▸ About this task:
Exactly the lines from the one containing "Розы белые 15 шт классические букет" through the end of the data, and nothing more, should be retyped; pictures stay out.

▸ Supplied information:
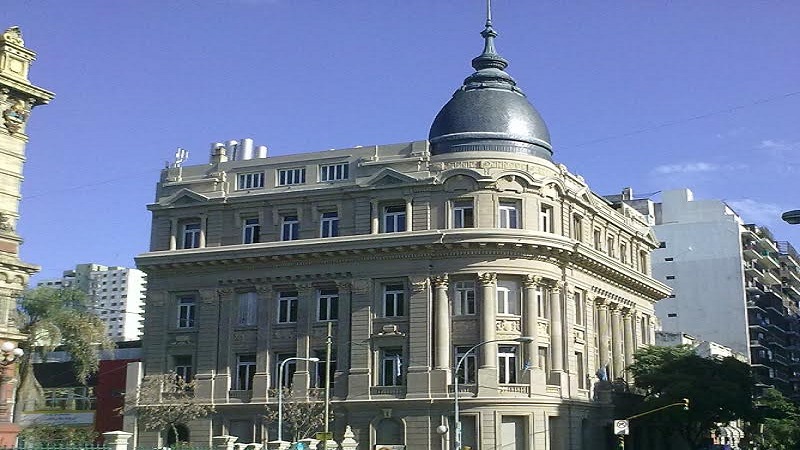 Denuncian recortes en profesorados públicos de CABA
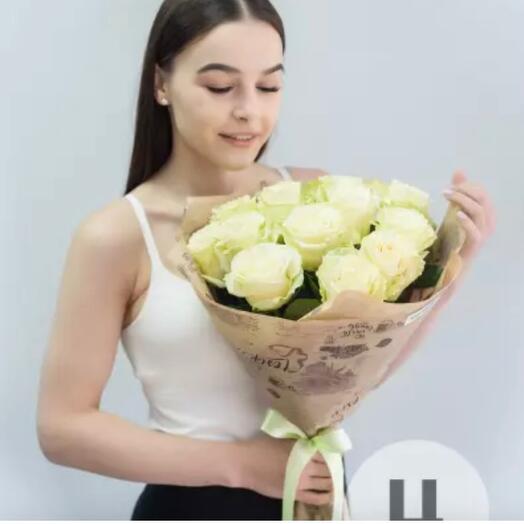 Розы белые 15 шт классические букет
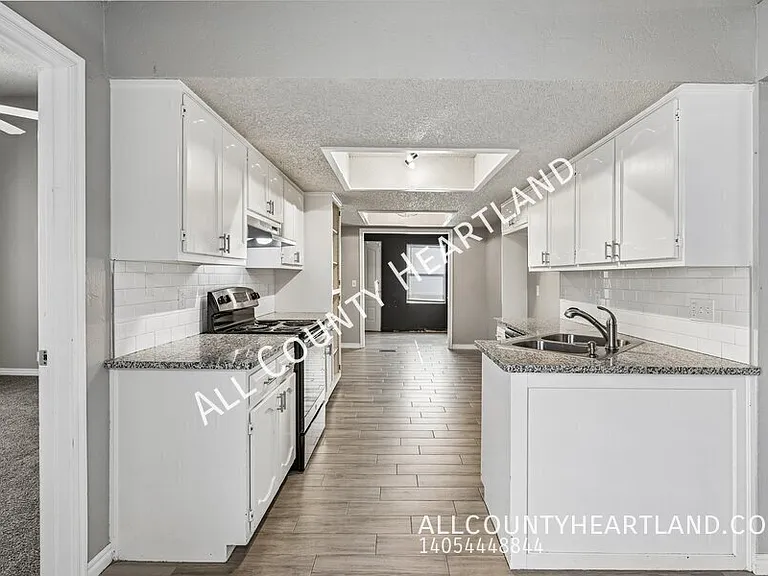 217 Cypress Dr — Photo 6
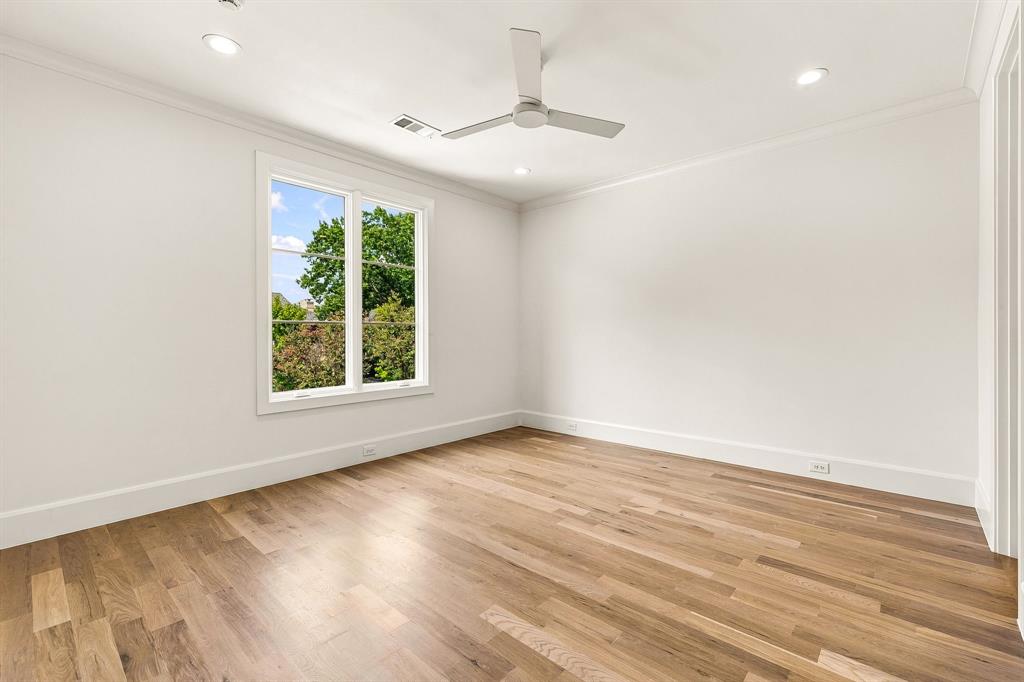 4225 Amherst Avenue Property Photo 25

▸ Response to this task:
 Розы белые 15 шт классические букет
 217 Cypress Dr — Photo 6
 4225 Amherst Avenue Property Photo 25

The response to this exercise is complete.